06 · AttitudeSerious in training, surprisingly relaxed in attitude — that is the real Norwegian method
After winning Kona, Solveig identified what she had learned from her Norwegian compatriots Blummenfelt, Iden, and Stornes: "They're really serious in their training, but they have a surprisingly relaxed attitude." This is the paradox at the heart of Norwegian dominance. The training is rigorous and data-driven. The approach to it is playful and enjoyment-focused. Solveig says she was "not stressing as much with my swimming" in long course, which actually helped her swimming improve. Anxiety about training inhibits adaptation. Joy in training facilitates it. Building a culture where athletes are excited to come to sessions — even the hard ones — is a coaching skill as important as program design.
07 · ConsistencyIf you train consistently for many years, you will get better — it is that simple
Solveig's best coaching advice, offered as simply as she could: "Consistency is the big one. If you're training consistent and for many years, you will get better. It's just that easy." She backed it with her own story — a junior athlete who was not talented, who had fun with training, and who stayed in the sport when others quit. She has been in the Norwegian system since 2015. A decade of consistent work, not a single dramatic revelation, produced the Kona world champion. For coaches working with young athletes: the athlete who has fun, stays consistent, and doesn't overtrain will beat the athlete who burns bright and quits at 22. Protect the joy.

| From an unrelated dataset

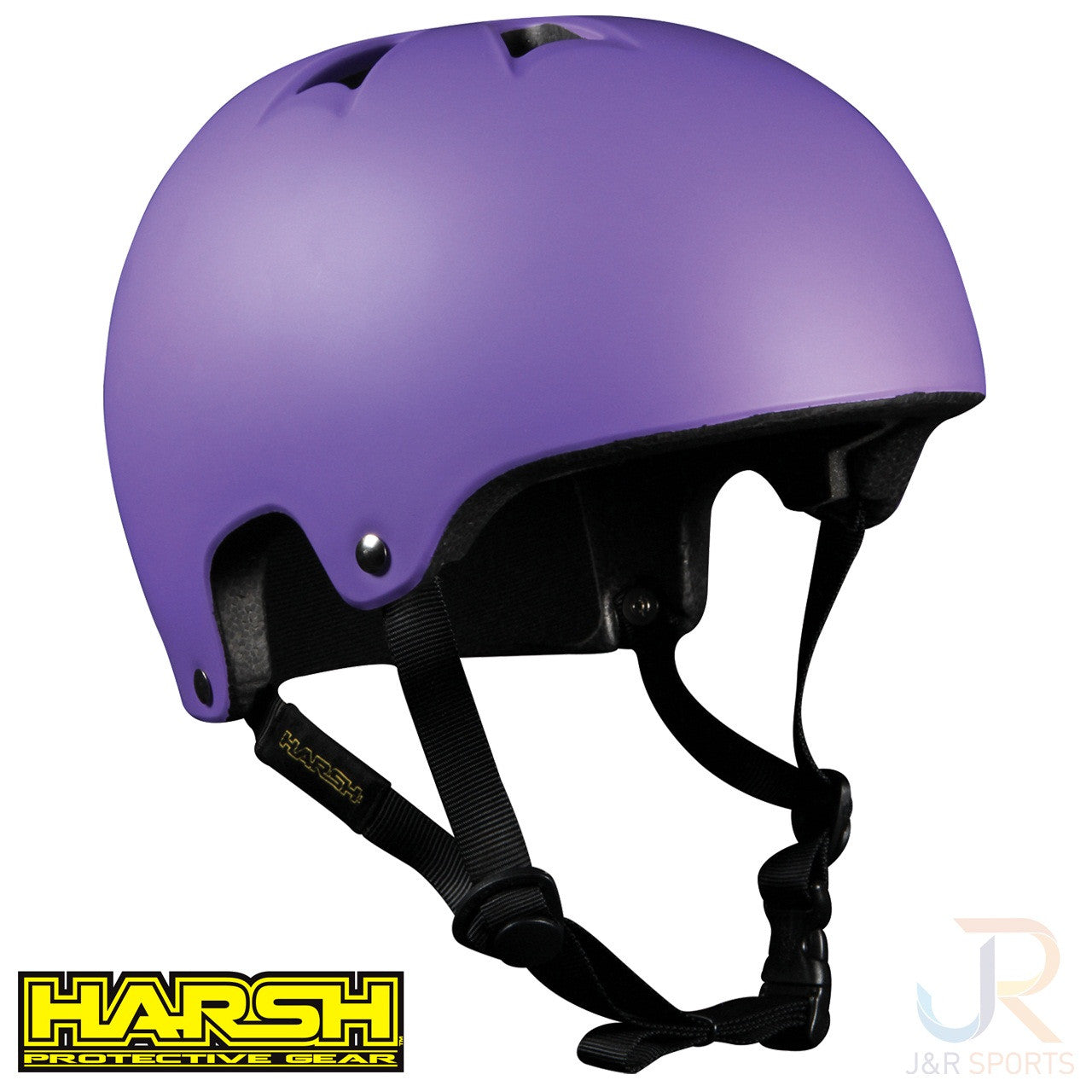 Harsh PRO EPS Helmets - Momma Trucker Skates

Protect the consistency. The results will follow.

Data Sources

All training data in this blueprint is sourced from the athlete's own public statements, verified interviews, and published race data. Nothing is inferred or fabricated.

Primary Source

That Triathlon Show (2025) — Solveig Løvseth Interview

The primary source for this blueprint. Solveig describes training philosophy, methodology, key sessions, and race preparation in their own words. All quoted material and specific numbers in this blueprint trace directly to this interview.

Supporting Source

Supplementary Research — Published Race & Training Data

Race results, split data, and training context cross-referenced from published race data. Used to verify the plausibility of stated training numbers and to contextualise the athlete's competitive trajectory. No training data comes solely from this source without primary-source corroboration.